-- INPUT RECORDS --
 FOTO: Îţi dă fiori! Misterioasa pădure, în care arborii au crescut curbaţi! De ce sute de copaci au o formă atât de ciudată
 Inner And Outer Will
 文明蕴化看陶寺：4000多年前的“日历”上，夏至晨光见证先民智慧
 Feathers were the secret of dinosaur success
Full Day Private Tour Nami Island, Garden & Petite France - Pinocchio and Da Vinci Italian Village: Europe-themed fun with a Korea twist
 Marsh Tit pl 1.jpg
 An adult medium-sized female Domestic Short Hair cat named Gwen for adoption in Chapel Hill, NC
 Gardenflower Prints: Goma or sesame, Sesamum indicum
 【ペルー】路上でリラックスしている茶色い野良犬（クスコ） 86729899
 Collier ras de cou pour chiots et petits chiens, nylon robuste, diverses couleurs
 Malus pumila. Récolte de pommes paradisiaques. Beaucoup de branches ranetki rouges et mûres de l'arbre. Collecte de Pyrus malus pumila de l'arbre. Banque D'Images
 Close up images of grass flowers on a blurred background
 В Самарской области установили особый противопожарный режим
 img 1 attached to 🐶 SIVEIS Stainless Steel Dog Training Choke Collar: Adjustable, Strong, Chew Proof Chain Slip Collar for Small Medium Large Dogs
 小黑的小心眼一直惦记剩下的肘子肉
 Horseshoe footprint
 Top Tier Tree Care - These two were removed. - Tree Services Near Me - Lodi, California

-- EXERCISE DESCRIPTION --
Look above for the line with "Marsh Tit pl 1.jpg" and the line with "Collier ras de". Retype those two lines and every line between them exactly, adding nothing.

-- ANSWER --
 Marsh Tit pl 1.jpg
 An adult medium-sized female Domestic Short Hair cat named Gwen for adoption in Chapel Hill, NC
 Gardenflower Prints: Goma or sesame, Sesamum indicum
 【ペルー】路上でリラックスしている茶色い野良犬（クスコ） 86729899
 Collier ras de cou pour chiots et petits chiens, nylon robuste, diverses couleurs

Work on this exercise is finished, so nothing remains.